(Collection entries)
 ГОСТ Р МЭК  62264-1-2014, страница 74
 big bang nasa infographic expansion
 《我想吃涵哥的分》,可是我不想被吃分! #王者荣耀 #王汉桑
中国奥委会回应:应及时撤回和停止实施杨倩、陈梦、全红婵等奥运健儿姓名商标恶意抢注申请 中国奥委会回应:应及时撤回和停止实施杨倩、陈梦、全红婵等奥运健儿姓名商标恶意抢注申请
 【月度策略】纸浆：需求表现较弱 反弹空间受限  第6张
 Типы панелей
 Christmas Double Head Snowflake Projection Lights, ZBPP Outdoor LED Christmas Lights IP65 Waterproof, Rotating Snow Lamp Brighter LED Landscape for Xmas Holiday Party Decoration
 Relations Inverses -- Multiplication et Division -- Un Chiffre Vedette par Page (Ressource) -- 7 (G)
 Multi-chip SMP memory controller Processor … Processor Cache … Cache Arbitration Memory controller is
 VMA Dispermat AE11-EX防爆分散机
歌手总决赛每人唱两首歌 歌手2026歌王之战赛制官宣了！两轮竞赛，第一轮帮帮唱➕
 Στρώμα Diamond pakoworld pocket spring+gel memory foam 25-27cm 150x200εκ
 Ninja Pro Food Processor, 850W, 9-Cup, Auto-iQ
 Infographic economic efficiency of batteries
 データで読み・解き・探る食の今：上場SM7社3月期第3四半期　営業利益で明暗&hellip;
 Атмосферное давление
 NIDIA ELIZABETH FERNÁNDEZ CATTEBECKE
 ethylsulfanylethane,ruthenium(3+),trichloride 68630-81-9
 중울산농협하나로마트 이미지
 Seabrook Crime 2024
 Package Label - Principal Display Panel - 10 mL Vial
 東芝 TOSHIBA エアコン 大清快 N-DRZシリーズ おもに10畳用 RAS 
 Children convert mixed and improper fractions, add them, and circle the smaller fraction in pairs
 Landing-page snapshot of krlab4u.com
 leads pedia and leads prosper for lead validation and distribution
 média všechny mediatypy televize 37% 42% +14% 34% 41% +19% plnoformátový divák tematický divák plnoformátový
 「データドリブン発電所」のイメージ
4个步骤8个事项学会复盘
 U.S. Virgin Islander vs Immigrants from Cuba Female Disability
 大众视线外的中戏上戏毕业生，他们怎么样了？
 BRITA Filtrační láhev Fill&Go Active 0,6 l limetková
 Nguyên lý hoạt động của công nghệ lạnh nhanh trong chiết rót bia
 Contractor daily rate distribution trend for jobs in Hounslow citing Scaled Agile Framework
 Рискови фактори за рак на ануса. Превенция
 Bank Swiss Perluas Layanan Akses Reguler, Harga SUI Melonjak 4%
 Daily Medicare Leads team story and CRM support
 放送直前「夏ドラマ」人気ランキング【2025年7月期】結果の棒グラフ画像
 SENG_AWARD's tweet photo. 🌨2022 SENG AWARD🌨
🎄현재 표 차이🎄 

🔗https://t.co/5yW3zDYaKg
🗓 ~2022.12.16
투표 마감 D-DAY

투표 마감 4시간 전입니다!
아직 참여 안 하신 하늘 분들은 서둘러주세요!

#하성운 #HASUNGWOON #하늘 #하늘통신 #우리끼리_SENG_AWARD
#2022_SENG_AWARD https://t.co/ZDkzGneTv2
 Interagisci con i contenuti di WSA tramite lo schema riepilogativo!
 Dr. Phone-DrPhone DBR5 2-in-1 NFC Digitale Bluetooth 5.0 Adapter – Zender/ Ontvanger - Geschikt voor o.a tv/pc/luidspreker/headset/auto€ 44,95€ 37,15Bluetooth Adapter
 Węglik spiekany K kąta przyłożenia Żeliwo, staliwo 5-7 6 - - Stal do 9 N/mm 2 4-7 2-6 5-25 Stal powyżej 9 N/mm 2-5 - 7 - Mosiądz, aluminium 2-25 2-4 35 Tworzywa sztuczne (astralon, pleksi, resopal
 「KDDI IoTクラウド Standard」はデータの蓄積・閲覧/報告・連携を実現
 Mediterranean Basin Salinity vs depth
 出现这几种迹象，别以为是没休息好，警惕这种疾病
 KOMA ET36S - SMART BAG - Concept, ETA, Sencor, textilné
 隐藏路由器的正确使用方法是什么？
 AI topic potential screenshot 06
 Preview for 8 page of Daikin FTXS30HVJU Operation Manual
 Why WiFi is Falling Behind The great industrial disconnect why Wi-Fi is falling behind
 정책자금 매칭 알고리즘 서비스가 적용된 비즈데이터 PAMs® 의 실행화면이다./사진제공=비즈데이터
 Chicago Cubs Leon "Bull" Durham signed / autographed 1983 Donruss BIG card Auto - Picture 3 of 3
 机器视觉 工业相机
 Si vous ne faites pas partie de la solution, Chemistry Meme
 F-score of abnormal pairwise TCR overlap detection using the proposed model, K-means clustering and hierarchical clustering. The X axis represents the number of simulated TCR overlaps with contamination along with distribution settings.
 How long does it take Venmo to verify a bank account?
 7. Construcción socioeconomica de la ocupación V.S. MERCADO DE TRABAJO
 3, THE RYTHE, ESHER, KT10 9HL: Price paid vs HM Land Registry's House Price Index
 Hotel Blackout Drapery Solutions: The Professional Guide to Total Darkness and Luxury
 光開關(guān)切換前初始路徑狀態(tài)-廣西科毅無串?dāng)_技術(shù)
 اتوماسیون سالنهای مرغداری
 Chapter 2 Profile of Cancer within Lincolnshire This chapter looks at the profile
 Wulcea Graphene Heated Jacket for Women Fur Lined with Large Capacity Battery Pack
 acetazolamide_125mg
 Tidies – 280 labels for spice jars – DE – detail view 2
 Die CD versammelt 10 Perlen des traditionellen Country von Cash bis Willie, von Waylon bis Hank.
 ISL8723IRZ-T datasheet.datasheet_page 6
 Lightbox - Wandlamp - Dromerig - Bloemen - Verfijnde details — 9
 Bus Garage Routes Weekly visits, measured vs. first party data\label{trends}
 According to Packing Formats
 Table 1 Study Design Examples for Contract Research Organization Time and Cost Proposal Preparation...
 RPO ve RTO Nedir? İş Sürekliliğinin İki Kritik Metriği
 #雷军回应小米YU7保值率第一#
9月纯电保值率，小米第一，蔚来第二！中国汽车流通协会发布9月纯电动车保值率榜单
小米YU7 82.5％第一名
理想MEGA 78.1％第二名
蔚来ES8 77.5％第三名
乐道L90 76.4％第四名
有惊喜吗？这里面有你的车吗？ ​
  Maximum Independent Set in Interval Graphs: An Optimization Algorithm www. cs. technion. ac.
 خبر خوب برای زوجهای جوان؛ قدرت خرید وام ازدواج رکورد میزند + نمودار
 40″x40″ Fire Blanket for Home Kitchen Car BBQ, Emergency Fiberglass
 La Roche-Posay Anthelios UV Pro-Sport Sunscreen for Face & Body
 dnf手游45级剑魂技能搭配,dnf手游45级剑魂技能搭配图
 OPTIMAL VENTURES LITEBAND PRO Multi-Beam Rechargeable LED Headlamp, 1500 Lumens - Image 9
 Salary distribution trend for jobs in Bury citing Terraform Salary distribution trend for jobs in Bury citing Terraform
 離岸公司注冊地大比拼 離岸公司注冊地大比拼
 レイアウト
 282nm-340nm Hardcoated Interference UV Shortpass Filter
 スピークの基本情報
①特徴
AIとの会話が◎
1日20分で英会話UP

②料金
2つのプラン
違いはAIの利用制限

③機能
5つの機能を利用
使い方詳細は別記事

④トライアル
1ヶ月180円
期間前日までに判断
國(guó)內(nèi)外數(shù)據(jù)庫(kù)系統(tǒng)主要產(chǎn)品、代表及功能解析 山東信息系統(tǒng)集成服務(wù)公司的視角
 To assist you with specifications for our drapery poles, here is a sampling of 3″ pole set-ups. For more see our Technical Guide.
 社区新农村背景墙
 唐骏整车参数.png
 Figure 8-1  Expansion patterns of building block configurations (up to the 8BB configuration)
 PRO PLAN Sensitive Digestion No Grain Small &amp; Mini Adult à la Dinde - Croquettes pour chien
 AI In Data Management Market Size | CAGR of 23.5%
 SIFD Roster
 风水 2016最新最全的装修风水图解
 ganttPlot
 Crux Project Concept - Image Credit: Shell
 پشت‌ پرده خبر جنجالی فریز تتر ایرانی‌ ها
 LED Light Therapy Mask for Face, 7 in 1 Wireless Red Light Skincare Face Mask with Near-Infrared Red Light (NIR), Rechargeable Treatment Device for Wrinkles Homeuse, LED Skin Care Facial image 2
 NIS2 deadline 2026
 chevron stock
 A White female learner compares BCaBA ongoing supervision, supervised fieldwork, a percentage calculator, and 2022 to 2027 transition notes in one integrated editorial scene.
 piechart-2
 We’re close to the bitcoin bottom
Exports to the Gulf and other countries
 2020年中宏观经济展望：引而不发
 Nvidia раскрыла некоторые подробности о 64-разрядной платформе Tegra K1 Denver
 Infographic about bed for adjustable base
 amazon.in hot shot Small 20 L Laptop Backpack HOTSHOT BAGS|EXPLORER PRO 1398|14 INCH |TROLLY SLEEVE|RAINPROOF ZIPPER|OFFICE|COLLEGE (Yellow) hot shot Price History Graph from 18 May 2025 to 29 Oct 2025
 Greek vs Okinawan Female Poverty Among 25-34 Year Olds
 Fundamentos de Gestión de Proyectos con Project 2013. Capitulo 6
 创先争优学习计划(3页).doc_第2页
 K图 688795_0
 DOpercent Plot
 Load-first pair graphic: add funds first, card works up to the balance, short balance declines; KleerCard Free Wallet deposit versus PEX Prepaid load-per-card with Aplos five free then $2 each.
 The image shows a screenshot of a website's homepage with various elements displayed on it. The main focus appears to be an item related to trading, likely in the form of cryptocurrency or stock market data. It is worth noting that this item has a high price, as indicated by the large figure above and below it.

What is required = Please copy the lines above from the line with "A White female" up to and including the line with "Fundamentos de Gestión", exactly as written and with nothing else.

Problem solution =
 A White female learner compares BCaBA ongoing supervision, supervised fieldwork, a percentage calculator, and 2022 to 2027 transition notes in one integrated editorial scene.
 piechart-2
 We’re close to the bitcoin bottom
Exports to the Gulf and other countries
 2020年中宏观经济展望：引而不发
 Nvidia раскрыла некоторые подробности о 64-разрядной платформе Tegra K1 Denver
 Infographic about bed for adjustable base
 amazon.in hot shot Small 20 L Laptop Backpack HOTSHOT BAGS|EXPLORER PRO 1398|14 INCH |TROLLY SLEEVE|RAINPROOF ZIPPER|OFFICE|COLLEGE (Yellow) hot shot Price History Graph from 18 May 2025 to 29 Oct 2025
 Greek vs Okinawan Female Poverty Among 25-34 Year Olds
 Fundamentos de Gestión de Proyectos con Project 2013. Capitulo 6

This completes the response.